(Short descriptive text snippets)

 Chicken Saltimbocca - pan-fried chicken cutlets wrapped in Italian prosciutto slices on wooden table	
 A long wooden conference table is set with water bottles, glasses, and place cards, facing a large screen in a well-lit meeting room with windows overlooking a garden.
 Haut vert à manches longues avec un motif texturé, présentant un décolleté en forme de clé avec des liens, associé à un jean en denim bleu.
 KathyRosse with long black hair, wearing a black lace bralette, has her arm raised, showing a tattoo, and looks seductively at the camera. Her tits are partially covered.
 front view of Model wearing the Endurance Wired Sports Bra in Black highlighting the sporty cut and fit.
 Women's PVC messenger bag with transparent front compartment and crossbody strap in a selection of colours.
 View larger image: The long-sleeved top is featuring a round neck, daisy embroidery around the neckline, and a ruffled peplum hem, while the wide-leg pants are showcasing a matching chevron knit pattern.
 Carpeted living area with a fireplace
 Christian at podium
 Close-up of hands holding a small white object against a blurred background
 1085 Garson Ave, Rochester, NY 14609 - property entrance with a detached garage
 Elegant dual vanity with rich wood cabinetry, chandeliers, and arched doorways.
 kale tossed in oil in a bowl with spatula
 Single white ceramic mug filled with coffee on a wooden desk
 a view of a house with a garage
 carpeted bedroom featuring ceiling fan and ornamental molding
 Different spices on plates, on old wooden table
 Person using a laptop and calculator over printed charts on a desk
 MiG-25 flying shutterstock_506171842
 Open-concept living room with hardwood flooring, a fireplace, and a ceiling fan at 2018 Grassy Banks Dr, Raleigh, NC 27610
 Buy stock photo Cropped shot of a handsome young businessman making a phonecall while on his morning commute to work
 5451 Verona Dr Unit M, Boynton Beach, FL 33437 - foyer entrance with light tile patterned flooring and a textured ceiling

#### WORK INSTRUCTIONS
Count the lines in the records above that contain the word "while", and reply with that number alone.

#### SOLUTION FOR THIS TASK
2